You sort of have to find a way to leave that life style and just do the sacrifice to do feature films and for a lot of people they don’t want to do that. And then there is another crowd of directors who do commercials who are just not that interested. They make amazing visual things and they like doing it, and the like having a new project every sort of month in a half, and working with actors in any sort of deep way doesn’t interest them. And some of them do try to make feature films even though some of them are not particularly interested, and those are the guys that make feature films that maybe are kind of a bit shallow; some of them do sort of big budget ones.
You say that this is your calling-card, but what if this film becomes a huge hit at the box office?
Jones: We’re going to Vegas! I can’t even imagine that, but it would be fantastic. I guess the only thing I would hope that it would give us the kind of films we want to do for the next film and that it would give—it would be wonderful if the actors that I admire all of a sudden were like, you know I wouldn’t mind doing a film with that guy. That would very cool.
Jones: There are people I would like to work with, and people who I have sent my next script to kind of, a little bit, ambitiously, I don’t think they actually end up doing it, but I’ve got to try and if they did it would be amazing.
Are you excited for any upcoming films?
Jones: On the science fiction front I’ve got to see James Cameron Avatar. He’s one of the top sci-fi guys I love and admire everything he does. I’ve heard mixed reviews about it, but I’ve always been a fan of Terry Gilliam so I want to see The Imaginarium.
Do you follow the news online about your film?
Jones: It’s difficult, I can’t help sort of wanting to know if people are seeing it and what they are thinking.
What’s that like?
Jones: So far it’s been okay, I haven’t wanted to kill myself, which is a pretty good reaction. I’m kind of a mad twitter so I’m kind of on the all the time. I’ve been kind of lucky, I’ve built up a group on twitter and I’ve personally been running these sort of really silly competitions online to giveaway Moon posters. I know that Sony is doing everything in hand and they’re taking care of it, but I can’t help myself thinking” what can I do to promote the film, how can I make sure people go see the film.” And I started this twitter thing by doing these competitions.

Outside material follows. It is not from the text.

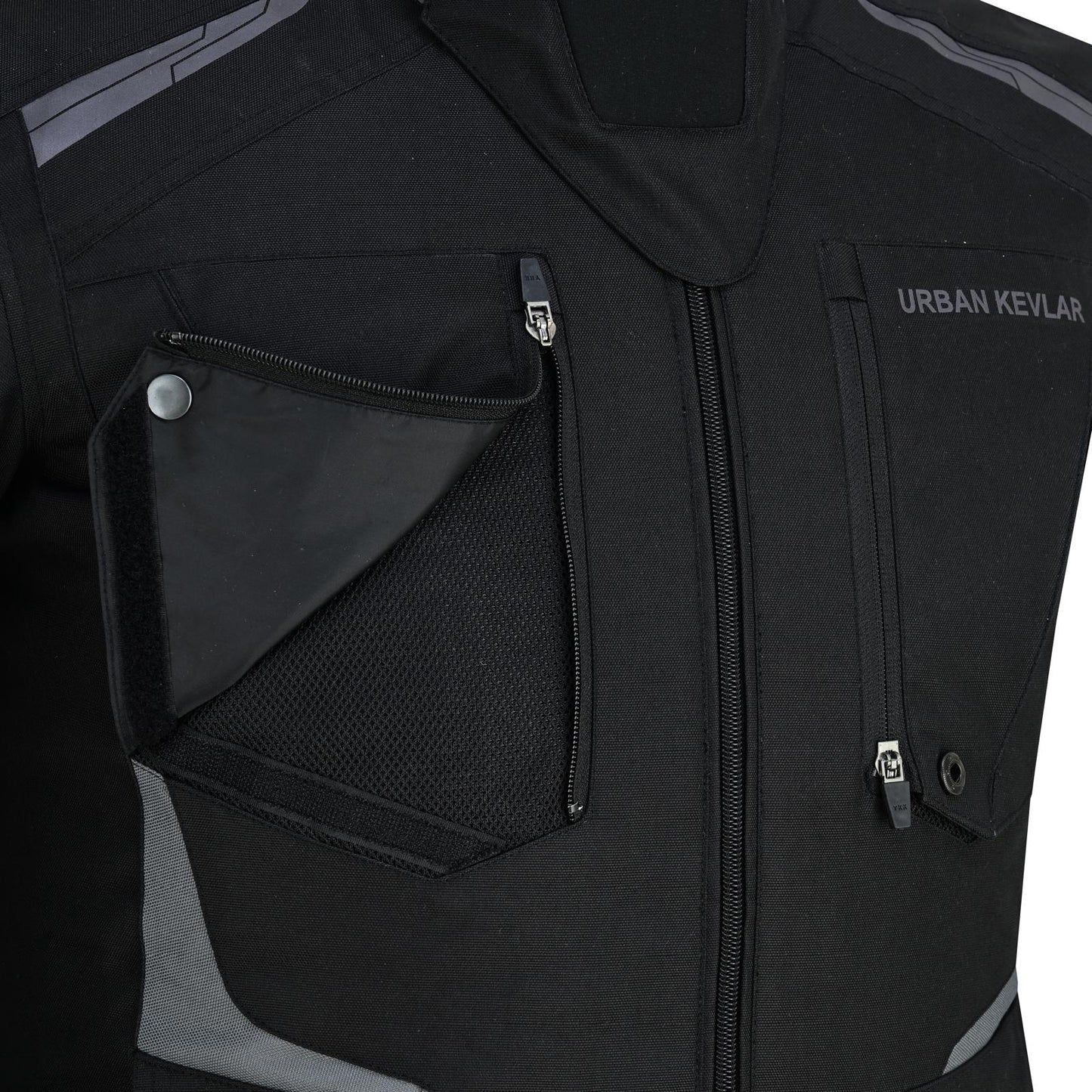 Urban Kevlar® Premium CORDURA Motorcycle Jacket | Waterproof & CE-Certified Armor – Black/Grey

What is it like hearing the bad/good criticism of people?
Jones: It’s really hard—I’ve developed a really thick skin for my personal life as far as people attacking me, I can deal with that. If people don’t like the film, I always want to immediately defend it, but I think that is something that I am going to have to learn how to deal with. Everyone has his or her own taste and I can’t please everyone and I have to be confident that at least I have made something that I can be proud of. So I guess that I am going to have to learn that, I mean I know about it because obviously my dad’s an artist and he’s had to suffer from severe criticism over the years at times and he is very good with dealing with it so I certainly can learn from him.
Thank you so much for you time!
Go see Duncan Jones new movie Moon, in theaters this Friday, June 12th starring Sam Rockwell.